**TASK BRIEF:** Word for word, copy the lines beginning at the one with "a living room" and ending at the last line below; pictures stay out.
======== DATA FOR THIS EXERCISE
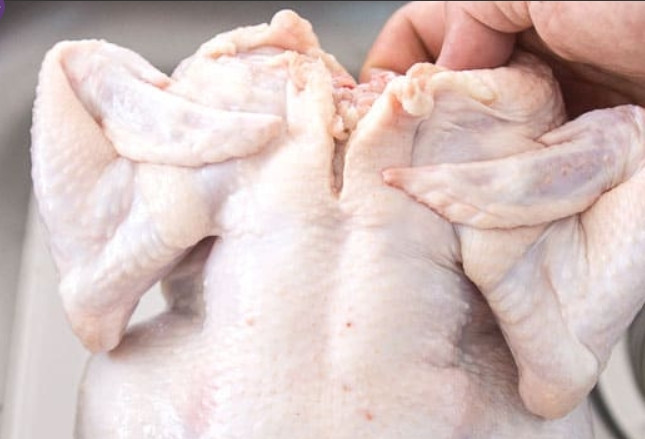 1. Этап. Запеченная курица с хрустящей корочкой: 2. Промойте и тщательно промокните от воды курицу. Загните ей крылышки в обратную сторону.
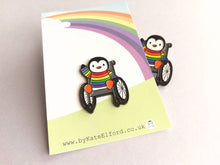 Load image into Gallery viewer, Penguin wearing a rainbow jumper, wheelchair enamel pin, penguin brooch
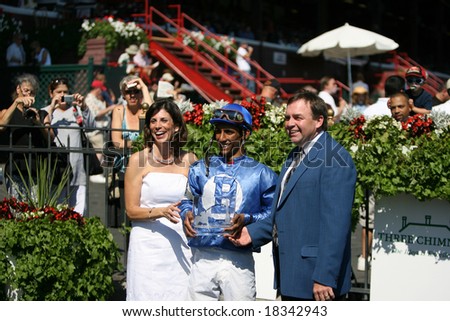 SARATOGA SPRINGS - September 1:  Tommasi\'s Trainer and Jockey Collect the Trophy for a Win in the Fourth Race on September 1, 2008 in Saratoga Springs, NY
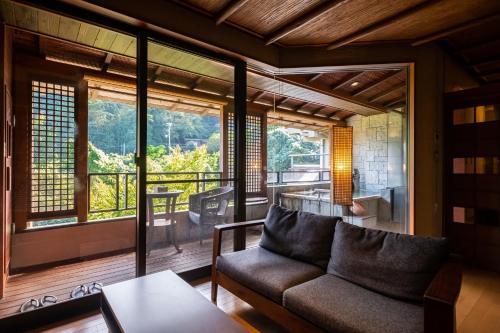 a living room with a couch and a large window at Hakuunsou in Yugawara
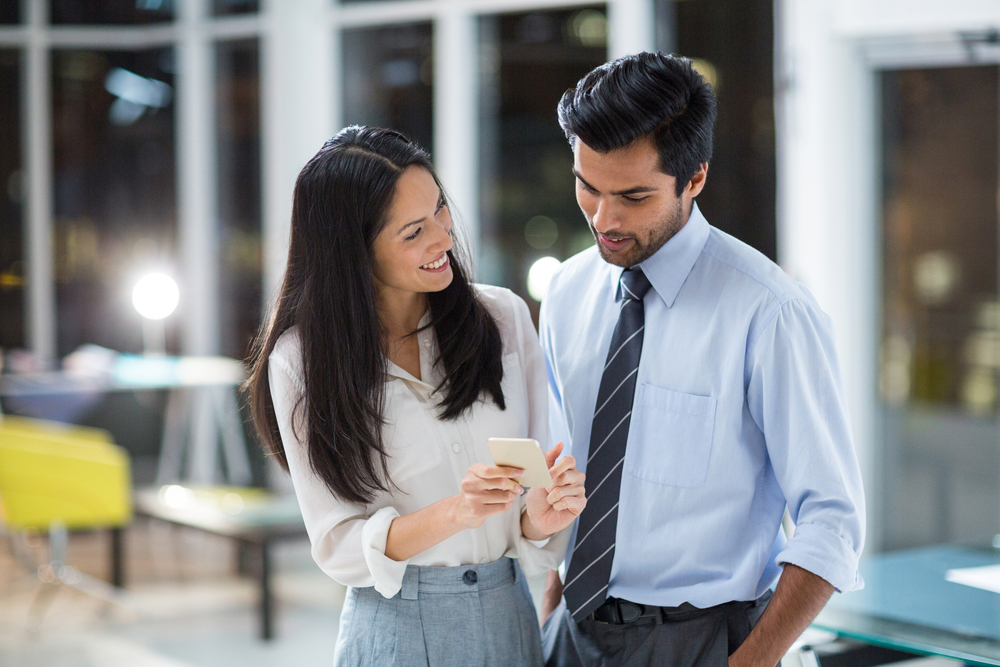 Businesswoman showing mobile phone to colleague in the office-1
================
**RESPONSE AREA:**
 a living room with a couch and a large window at Hakuunsou in Yugawara
 Businesswoman showing mobile phone to colleague in the office-1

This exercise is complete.